We will now split each dataset in two parts: one will be used for training, and the other will be used for simulating batch forecasting. The training files will contain the data records before '1992-5-28' and the last part of each series will be stored in the inferencing files.

Finally, we will upload both sets of data files to the Workspace's default [Datastore](https://docs.microsoft.compython/api/azureml-core/azureml.core.datastore(class)).

In [None]:
# Provide name of timestamp column in the data and date from which to split into the inference dataset
timestamp_column = 'Date'
split_date = '2021-03-01'

# Split each file and store in corresponding directory
train_path, inference_path = split_data(target_path, timestamp_column, split_date)
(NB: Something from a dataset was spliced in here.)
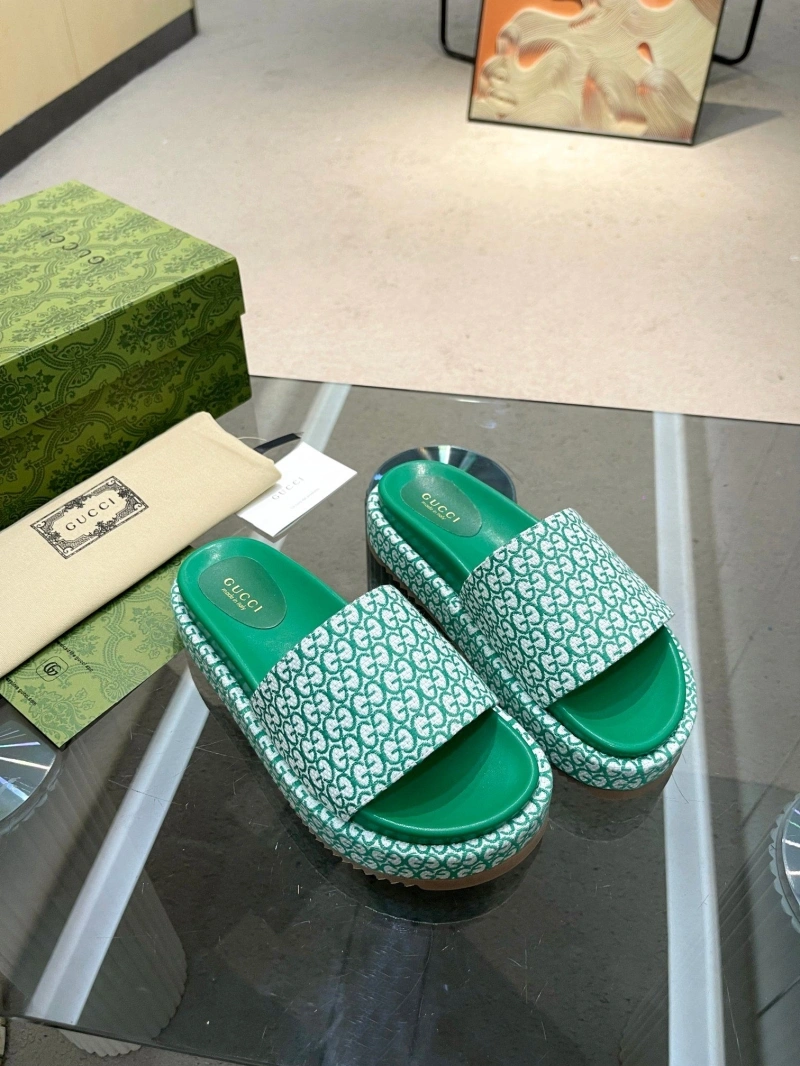Resilient Gxccx Slippers 155069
## 3.0 Upload data to Datastore in AML Workspace

In the [setup notebook](00_Setup_AML_Workspace.ipynb) you created a [Workspace](https://docs.microsoft.com/python/api/azureml-core/azureml.core.workspace.workspace). We are going to register the data in that enviroment.

In [None]:
ws = Workspace.from_config()

We will upload both sets of data files to your Workspace's default [Datastore](https://docs.microsoft.com/azure/machine-learning/how-to-access-data). 
A Datastore is a place where data can be stored that is then made accessible for training or forecasting. Please refer to [Datastore documentation](https://docs.microsoft.com/python/api/azureml-core/azureml.core.datastore(class)) on how to access data from Datastore.

In [None]:
# Connect to default datastore
datastore = ws.get_default_datastore()

# Upload train data
ds_train_path = target_path + '_train'
datastore.upload(src_dir=train_path, target_path=ds_train_path, overwrite=True)

# Upload inference data
ds_inference_path = target_path + '_inference'
datastore.upload(src_dir=inference_path, target_path=ds_inference_path, overwrite=True)

In [None]:
from azureml.core.dataset import Dataset

# Create file datasets
ds_train = Dataset.File.from_files(path=datastore.path(ds_train_path), validate=False)
ds_inference = Dataset.File.from_files(path=datastore.path(ds_inference_path), validate=False)

# Register the file datasets
dataset_name = 'MMSA_Sample'
train_dataset_name = dataset_name + '_train'
inference_dataset_name = dataset_name + '_inference'
ds_train.register(ws, train_dataset_name, create_new_version=True)
ds_inference.register(ws, inference_dataset_name, create_new_version=True)